A veces siento que las personas necesitan escribir para ser un poco más sí mismas. Que usan la escritura para ser, que la necesitan para que ese ser que escribe (que es, por definición, el ser que no vive) exista. Y que, no contentos con que exista, lo visten para sacarlo a pasear. 

Yo voy a la escritura para dejar de ser. Busco en ella la muerte, no la vida. La vida está, siempre estuvo, afuera.  

Empecé a escribir porque antes había leído. En los subtítulos de películas y series, en las letras de rock, en videojuegos, en cierto periodismo, en radioteatros y sketchs, en comics, en slogans publicitarios, en libros. Buscaba y encontraba literatura en todos los soportes que ofrecía la cultura de masas. La literatura estaba asociada al ocio, al juego. Hasta que los libros se apoderaron de todo.  

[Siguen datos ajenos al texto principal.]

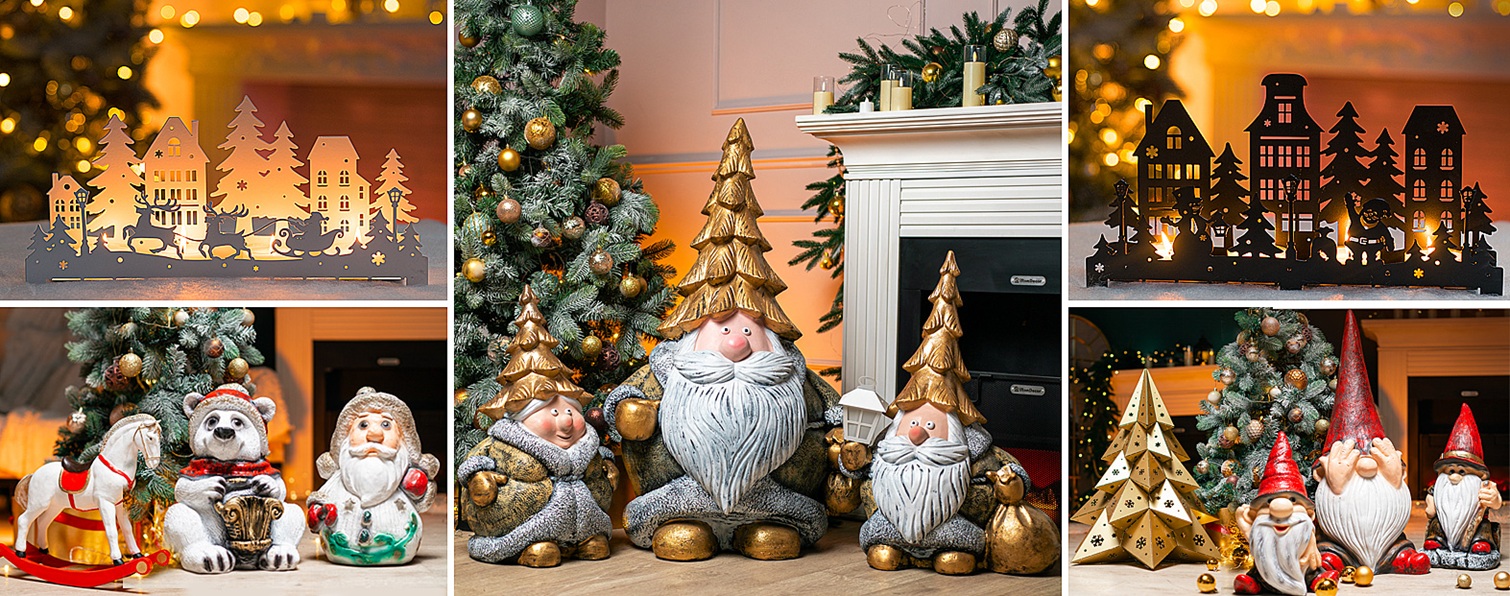 Новогодние товары - Баннер 1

De pronto, no sé bien cuándo, empecé a achicar, a reducir, a jibarizar mi combustible. El mundo me empezó a parecer menos literario y la literatura me empezó a parecer algo más importante que la vida. Puse un pie en el campo literario y me pasó lo mismo que en el campo periodístico: percibí cómo el oficio sepultaba las almas, se convertía en una herramienta para disimularlas en soportes y formatos, más que para potenciarlas. Ya no pude escribir ni periodismo ni literatura. Empecé a sentir que se necesita cierta solidez para sostener la figura de un autor. Y yo, lo único que podía hacer, con la lectura y la escritura, era perderme en la abrumadora liquidez de lo ajeno.  

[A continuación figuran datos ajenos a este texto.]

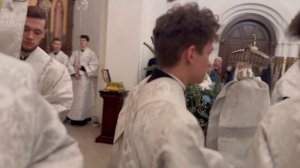 МИТРОПОЛИТ ИГНАТИЙ СОВЕРШИЛ ВСЕНОЩНОЕ БДЕНИЕ В ХРАМЕ СВЯТИТЕЛЯ ТИХОНА ЗАДОНСКОГО Г. САРАТОВА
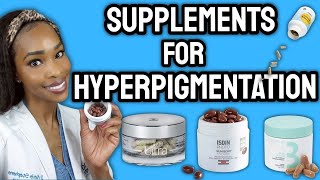 Best Supplements for Improving Dark Marks [upl. by Nodyroc832]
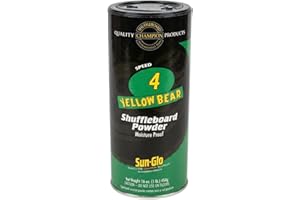 Sun-Glo #4 Speed Shuffleboard Powder Wax 16 oz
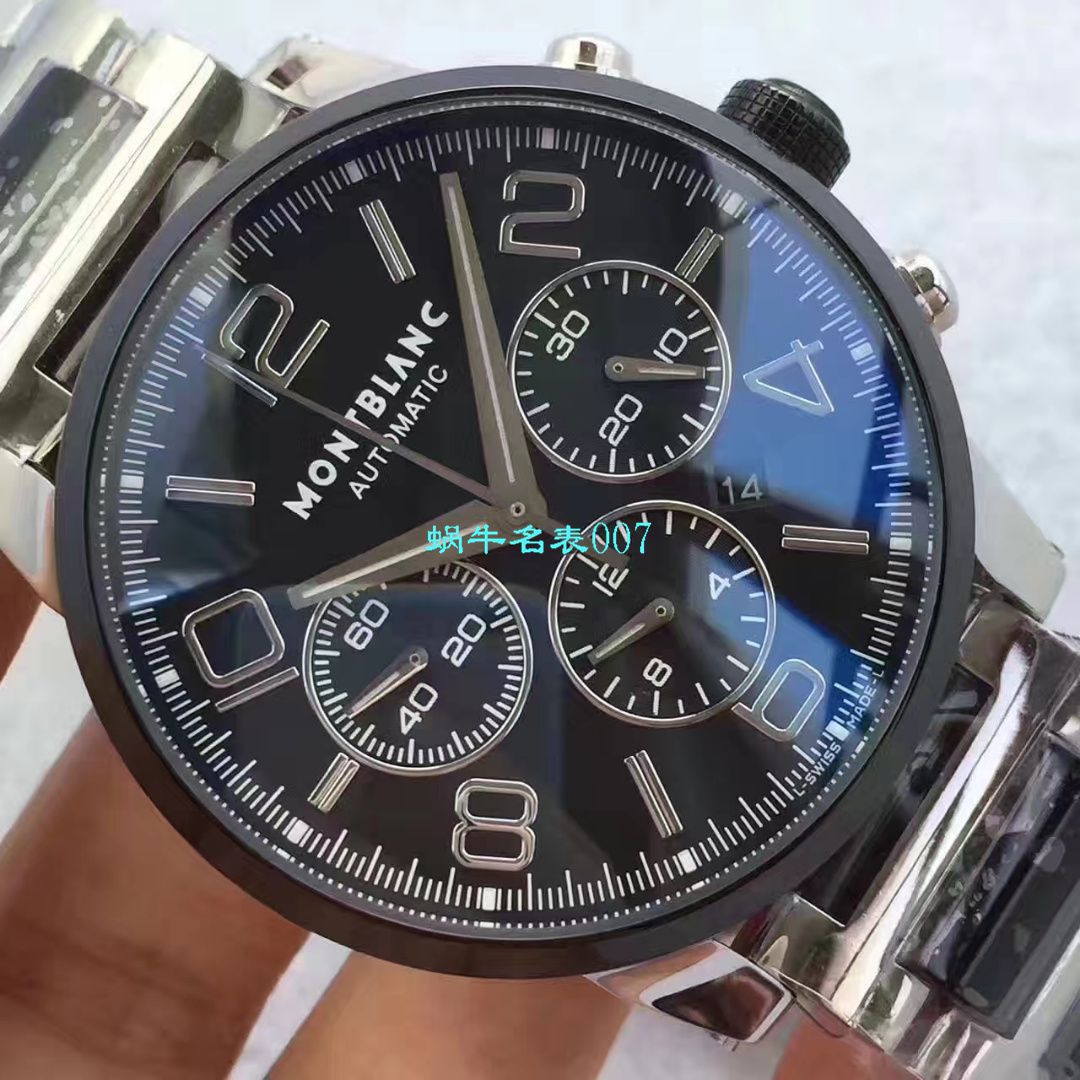   台湾厂MONTBLANC  万宝龙时光行者系列李达康书记同款U0103094腕表 / M026
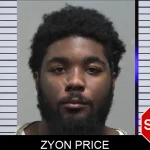 Zyon Price mugshot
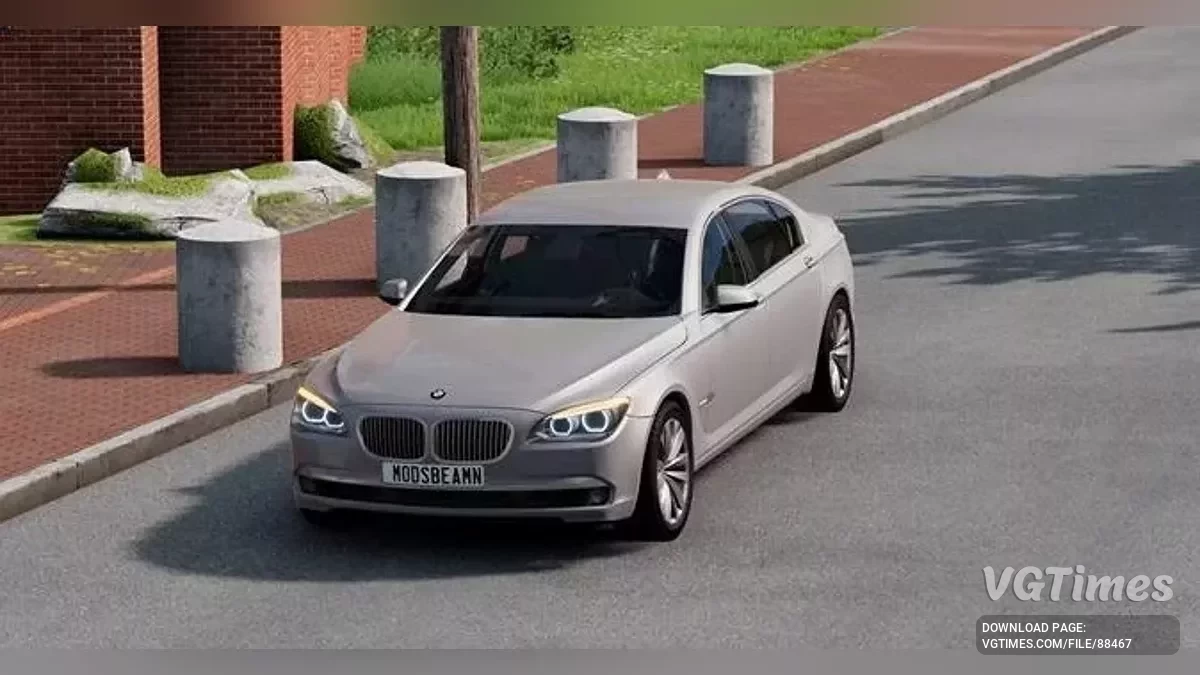 BeamNG.drive — BMW 7 Серії F02 (0.37.x)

Con el tiempo y los golpes, adquirí la convicción de que cualquier intento de otra cosa sería inútil. El periodismo y la literatura serían para mí, de todo, menos trabajo. Las figuras que me interesaban parecían formar parte de algo así como una comunidad de disidentes que ni siquiera se conocían entre sí. 

Cuando era jovencísimo, un amigo me contó una idea: que había solo un bostezo en el mundo. Que se trataba de algo, una entidad, que circulaba entre la especie, tomando cada tanto un cuerpo para manifestarse. Por eso, decía, nunca había personas bostezando al mismo tiempo. Después vi personas bostezando al mismo tiempo y me molestó mucho que la materia se empecinara en destrozar la belleza de algunas ideas.  

Ahora pienso así a la literatura.  

Pienso en las universidades, los libros, los medios, los talleres… la tan mentada profesionalización del escritor y pienso que nada garantiza que la literatura tenga más lugar allí que en otros sitios porque, como el bostezo, el espíritu y el punctum barthesiano, la literatura sopla donde quiere.  

Pienso que le hemos puesto tantas capas encima, que lo que alguna vez fue la literatura ahora es algo pequeño, tapado por capas y capas de studium. Que ahora, siempre, hay que buscarla.  

Es claro que lo que me había vinculado alguna vez al dibujo y me vincula, ahora, a la escritura tiene que ver con eso: la experiencia de la pérdida, la disolución, el abandono. Cierto que antes, como suele suceder durante la infancia y parte de la juventud, de un modo más imaginario, es decir, tendiendo hacia lo todo, y ahora, en lo que podríamos llamar adultez, apuntando más bien hacia la nada, el silencio, la muerte (del yo).  

Pero es lo mismo. 

De chico quise hacer historietas y series (en el sentido de antologías, colecciones de dibujos que compartieran algo en común); de grande quise escribir cuentos y novelas.  

No pude. No puedo. No sé si podré alguna vez.  

No parece tratarse de una cuestión de capacidades sino más bien de frecuencias. La continuidad y yo no nos llevamos bien. La continuidad requiere que algo permanezca en estado de gerundio: o el mundo o (un) yo. No es la forma en la que experimento la existencia. Porque si bien suscribo metafísicamente a la interdependencia cósmica, creo que solo podemos acceder a ella como acto de fe o, experiencialemente, de a ratos.  

Yo no tengo gerundio. El mundo, la vida que experimento, tampoco. Y ni la fe ni la creencia maridan con mi temple. 

De modo que si yo quiero, por ejemplo, hacer libros, no puedo, por el momento, ni parece que vaya a poder, en lo sucesivo, fabricar un tipo de libro que no refleje, de alguna manera, la experiencia del extravío, de la pérdida, de la disolución.  

Es, por otra parte, el único tipo de libro que puedo leer.